To train and evaluate ChatNT, we converted datasets of genomics tasks into instructions datasets by framing each task in English (Supplementary Fig. 1; see Methods and the following ‘Results’ sections). We created for every task a train and test file each containing the respective DNA sequences combined with curated questions and answers in English. See Fig. 1c for an example of question and answer for predicting RNA degradation levels: ‘User: Determine the degradation rate of the human RNA sequence @myseq.fna on a scale from −5 to 5. ChatNT: The degradation rate for this sequence is 1.83.’, where the projected embeddings of the candidate DNA sequence are inserted at the @myseq.fna position. We keep the same train–test splits as the original sources of each task and use different questions for train and test to assess the English generalization capabilities of the model. This allows one to evaluate not only the agent capability to generalize between DNA sequences but also its robustness to the English language used. We also provide a flexible way to interleave English and DNA sequences through the usage of positional tags (@myseq.fna), allowing users to refer to several sequences in the same question.

ChatNT is trained to solve all tasks simultaneously, with a uniform sampling over tasks per batch. Multitasking is achieved by ChatNT by prompting in natural language, where the question asked by the user will guide the agent towards the task of interest. Given a text prompt and one or multiple DNA sequences as input, ChatNT is trained to minimize a unified objective for all tasks, which takes the form of the cross-entropy loss between ChatNT predictions and the target answer tokens, as in other instruction fine-tuning works^32,33. This single objective allows one to learn seamlessly across tasks without introducing conflicting gradients or scale issues coming from different objectives and loss functions (for example, cross-entropy for classification versus mean squared error (MSE) for regression). In addition, it allows us to extend the model with additional tasks in the future without requiring changes in the model architecture or training it from scratch. In summary, ChatNT provides a general genomics AI system that solves multiple tasks in a conversational manner, thus providing a different paradigm for genomics models.

In addition to seamlessly integrating multiple types of labelled and experimental data into a single general foundation model, ChatNT is designed to be conversational to enable users to easily interact with it and to use it without requiring a programming background (see examples in Supplementary Fig. 1).
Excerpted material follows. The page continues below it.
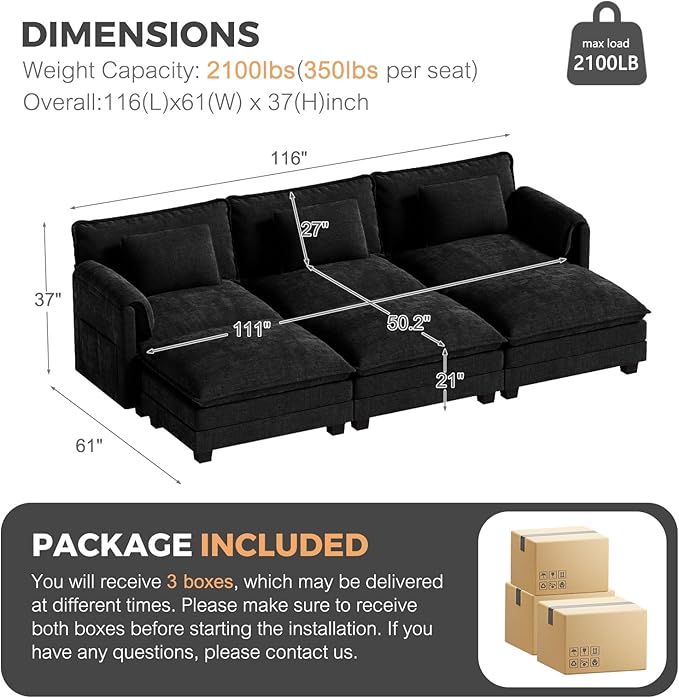 ELUCHANG 116" Luxury Modular Sectional Sofa, Comfy Deep Seat Cloud Couch - Image 2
We rely on a frozen English language model, Vicuna-7b³², that has been instruction fine-tuned from LLaMA³⁰. ChatNT keeps all the intrinsic conversational capabilities of the language model. Interestingly, we observed that, as the training dataset used to build LLaMA already contained a large set of life sciences papers, our agent is also capable to answer multiple questions about genomics, including defining regulatory elements such as promoters and enhancers, zero shot, that is, without any additional training data. In addition, ChatNT can answer numerous non-biology-related questions and solve tasks such as summarizing or writing simple programming code. As our approach is general and builds on top of any pretrained English language model, ChatNT capabilities can improve organically with new and more powerful open-sourced language models. While the conversational capability is an important aspect of ChatNT but is already provided by the respective language model, we focused in this work on demonstrating that the conversational agent ChatNT can solve a wide range of advanced genomics tasks in English with high accuracy.
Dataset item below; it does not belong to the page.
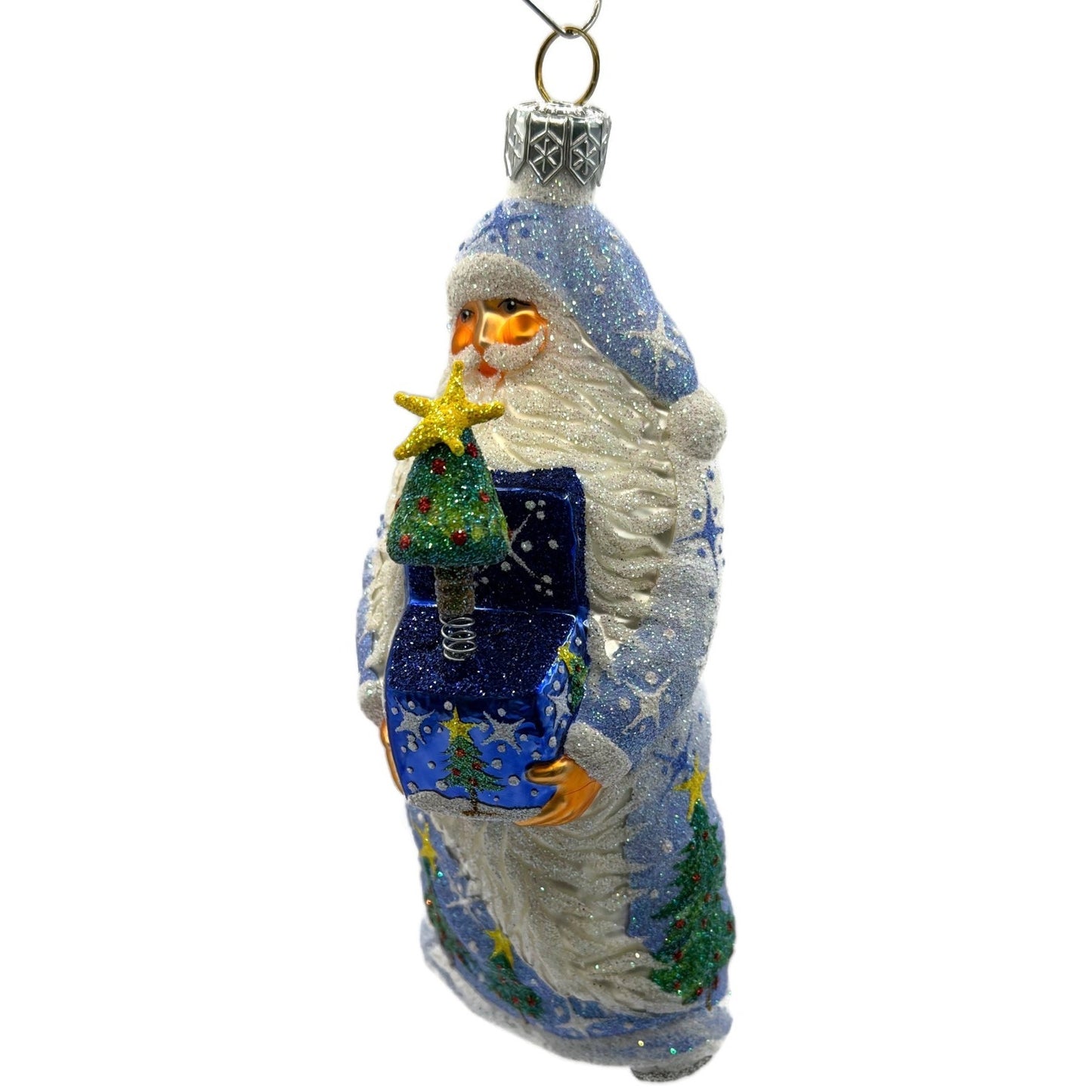 Patricia Breen Jack In The Box Santa Blue Snowflakes Christmas Tree Ornament NM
ChatNT achieves improved performance on a genomics benchmark

To develop ChatNT and optimize its architecture, we created an instructions version of the Nucleotide Transformer benchmark¹⁵ (Methods and Supplementary Table 1). This collection of genomic datasets is suitable for fast iteration during model experimentation as it contains a varied panel of small-sized datasets and has been extensively evaluated in multiple studies of DNA foundation models^15,17. We trained ChatNT to solve all 18 tasks at once and in English and evaluated its performance on test set DNA sequences and questions.
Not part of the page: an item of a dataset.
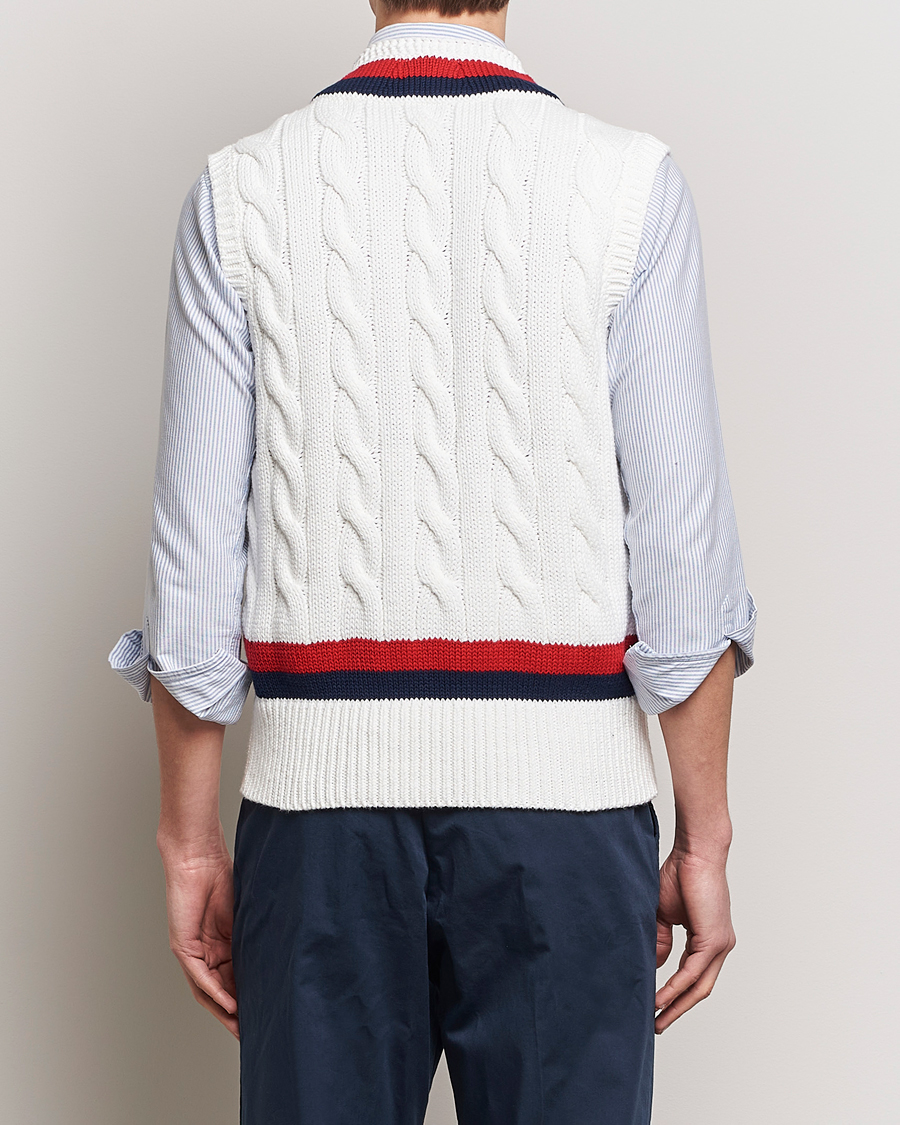 Homme | Pulls Et Tricots | Polo Ralph Lauren | Cotton Knitted Cricket Vest Deckwash White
We first used this benchmark to systematically compare the performance of ChatNT with two different projection architectures. The classical way of aggregating information from the encoder in previous multimodal models is to use a trainable projection to convert the encoder embeddings into language embedding tokens, which have the same dimensionality of the word embedding space in the language model^26,27,34. In ChatNT, we used the Perceiver resampler from Flamingo²⁷ based on gated cross-attention as the projection layer (Supplementary Fig. 2a). Using this projection layer and fine-tuning both the DNA encoder and the projection on all 18 tasks, ChatNT obtained a new state-of-the-art accuracy on this benchmark with an average Matthew’s correlation coefficient (MCC) of 0.71, 2 points above the previous state-of-the-art Nucleotide Transformer v2 (500M) model (Fig. 2a and Supplementary Figs. 2d and 3).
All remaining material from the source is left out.